The Ward was at station at Pearl Harbor, patrolling the waters near the entrance of the naval base on the morning of the Japanese attack. It sighted a Japanese midget submarine, fired its guns and released depth charges, destroying the enemy sub and then signaled to headquarters the presence of enemies near the harbor. This was one of several ignored signs of the incoming attack. Due to this action, USS Ward was the first American vessel in combat in the Pacific during World War two. It was sunk by enemy attack exactly three years latter, in December 7th 1944.
As for the kit, despite it's age, is a very nice model. There are lots of details and dry fit showed very little concern on the quality of the molds.

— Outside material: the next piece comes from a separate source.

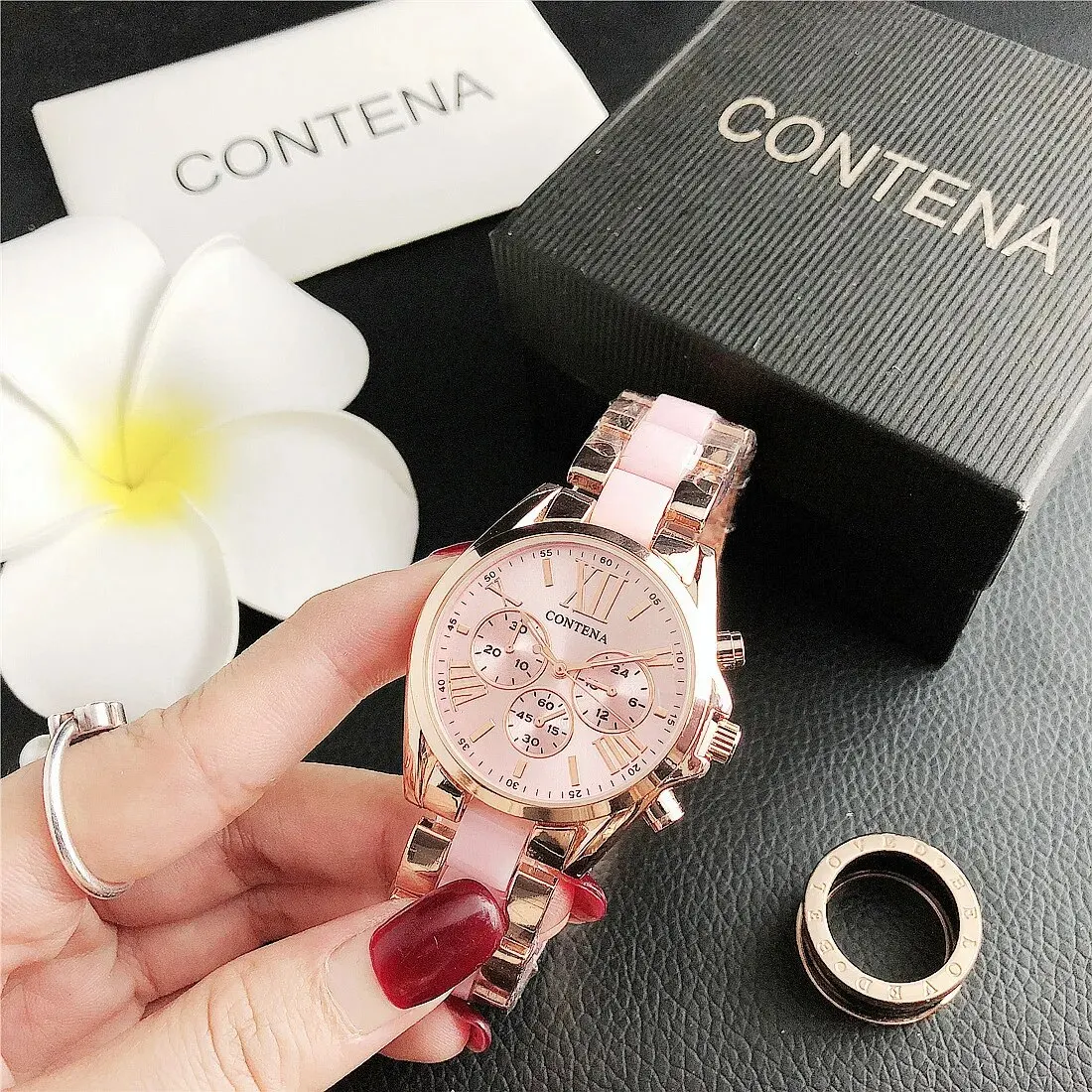 Top Brand Luxury Watches for Women Fashion Creative Steel Bracelet Women\'s Watches Ladies Quartz Bracelet Watch Reloj Mujer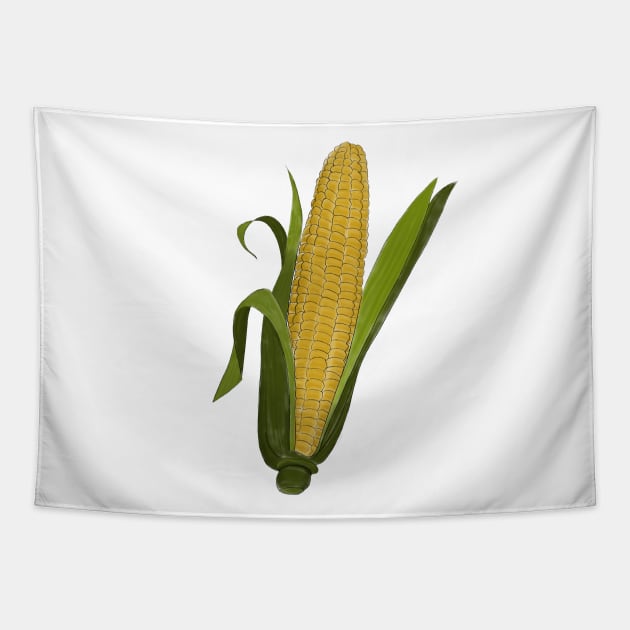 Corn Tapestry by WelshDesigns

The guns would need to be reworked and some of the other minor details would benefit from some scratch building. There are some after market items for the kit. Gold Medal has a photo-etched set for the Ward with railings, depth charges rails, guns extra details and more, that would be very useful for the construction. Artvox offers a wood deck set for this kit. It is, of course, of great quality. However, there is some debate on this subject. as many sources stated the the Wickes Class used metal decks, I got it anyway and will use it in my kit. It looks to good to be left out! The project is already on the way, so i will soon post some pictures of the USS Ward in a it's Measure 11 camouflage, as it looked on the morning of December 7th, 1941.